-- Records for the exercise follows --
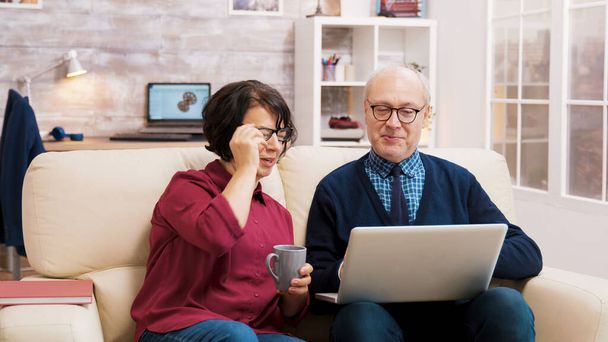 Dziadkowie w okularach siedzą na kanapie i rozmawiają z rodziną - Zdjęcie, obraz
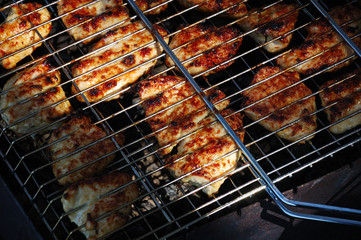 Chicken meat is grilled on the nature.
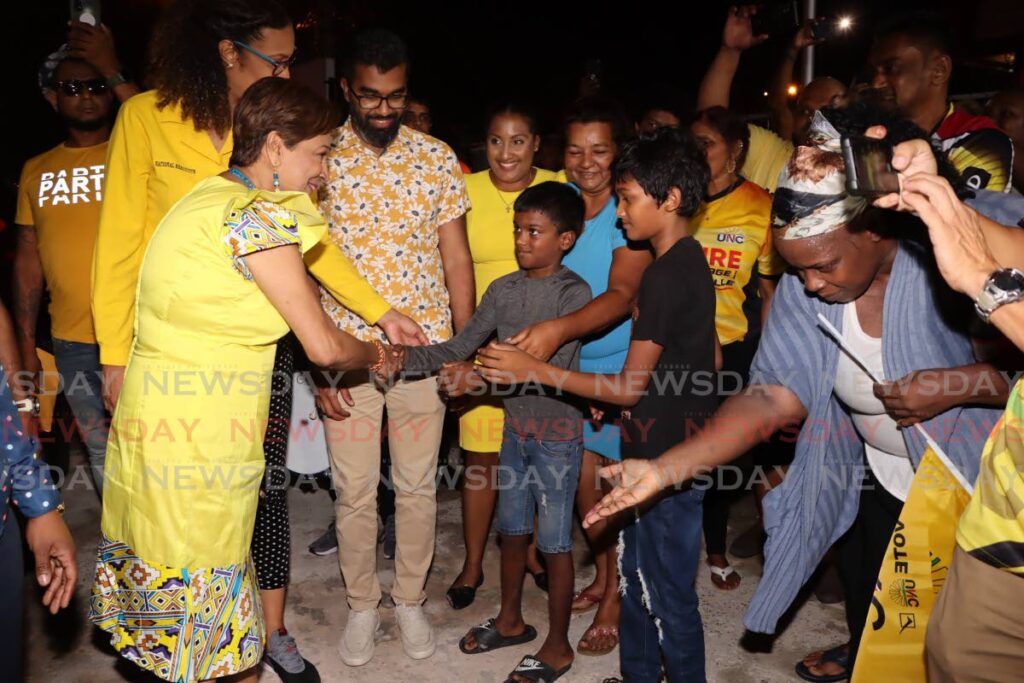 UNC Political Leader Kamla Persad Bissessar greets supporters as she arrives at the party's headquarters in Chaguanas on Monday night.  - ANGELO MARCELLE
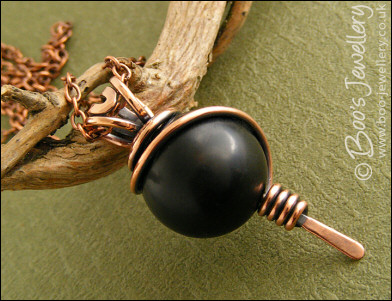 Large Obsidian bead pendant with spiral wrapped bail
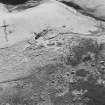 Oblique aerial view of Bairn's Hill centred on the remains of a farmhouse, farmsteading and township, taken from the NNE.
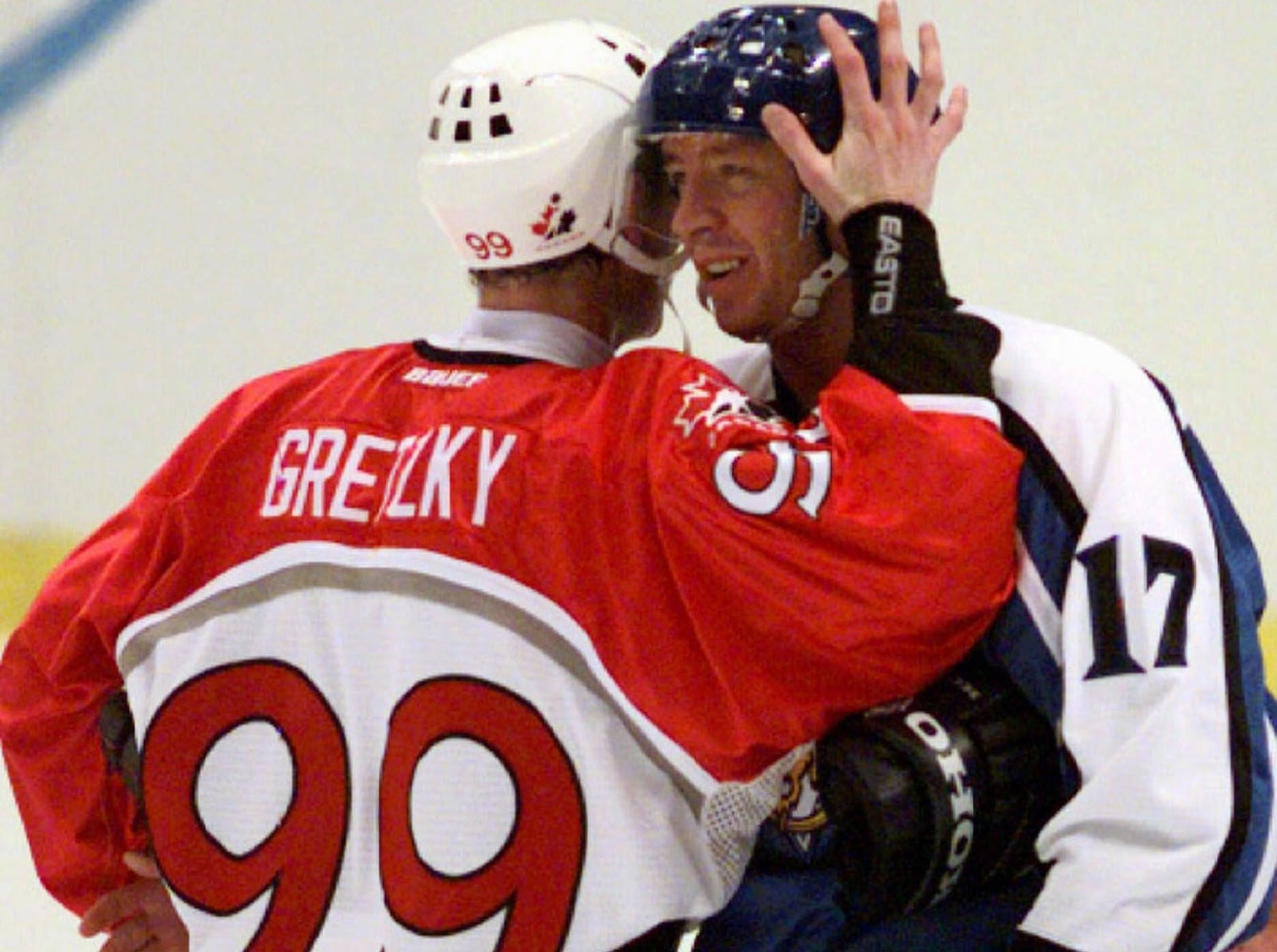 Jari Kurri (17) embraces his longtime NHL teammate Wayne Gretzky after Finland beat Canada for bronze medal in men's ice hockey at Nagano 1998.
-- Records for the exercise concluded --
-- Records for the exercise follows --
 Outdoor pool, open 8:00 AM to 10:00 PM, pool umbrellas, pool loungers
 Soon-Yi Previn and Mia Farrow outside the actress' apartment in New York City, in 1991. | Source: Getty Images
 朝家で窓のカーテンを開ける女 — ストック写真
-- Records for the exercise concluded --
-- Records for the exercise follows --
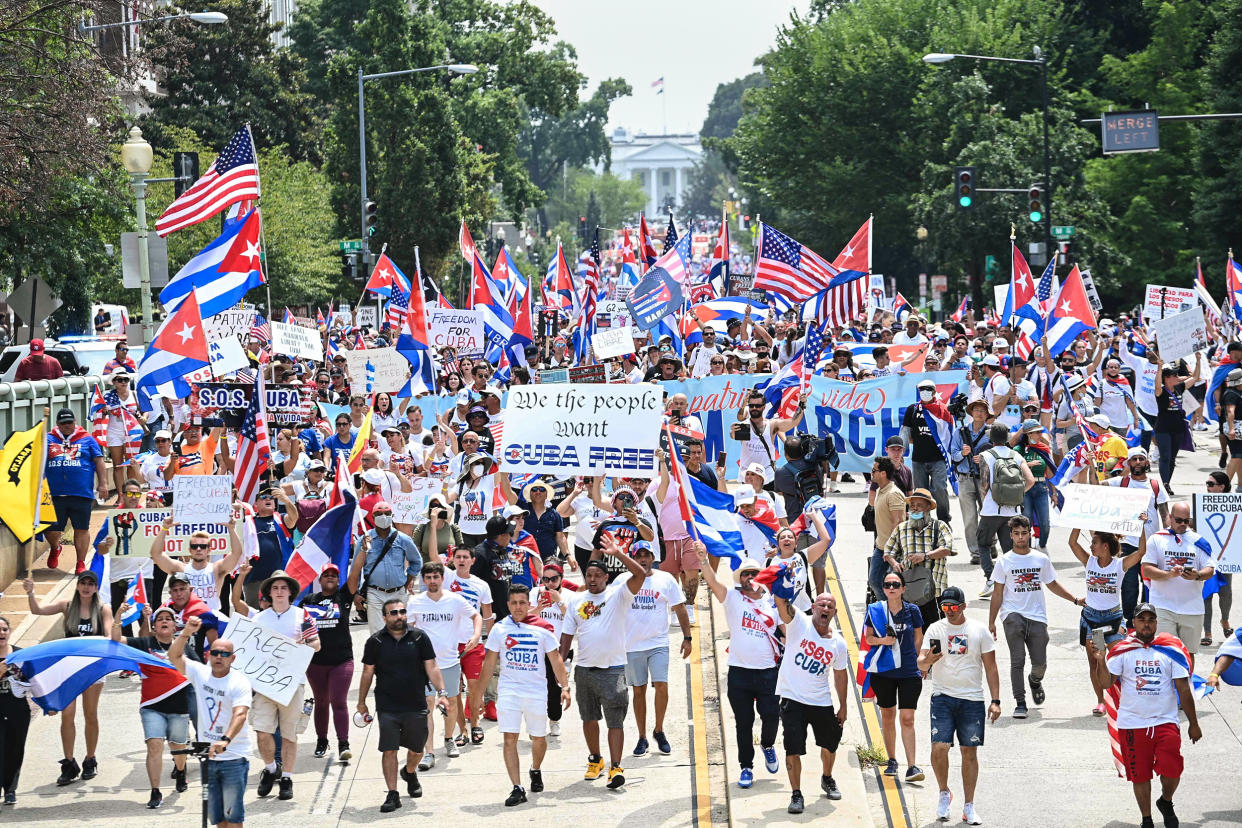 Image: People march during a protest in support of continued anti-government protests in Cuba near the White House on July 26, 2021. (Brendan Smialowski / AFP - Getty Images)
-- Records for the exercise concluded --
● **Exercise instructions**
Please copy the lines above exactly, starting at the line that holds "Chicken meat is grilled on the nature." and ending at the line that holds "Jari Kurri (17)"; include both, but no pictures.

● **Answer for this exercise**
 Chicken meat is grilled on the nature.
 UNC Political Leader Kamla Persad Bissessar greets supporters as she arrives at the party's headquarters in Chaguanas on Monday night.  - ANGELO MARCELLE
 Large Obsidian bead pendant with spiral wrapped bail
 Oblique aerial view of Bairn's Hill centred on the remains of a farmhouse, farmsteading and township, taken from the NNE.
 Jari Kurri (17) embraces his longtime NHL teammate Wayne Gretzky after Finland beat Canada for bronze medal in men's ice hockey at Nagano 1998.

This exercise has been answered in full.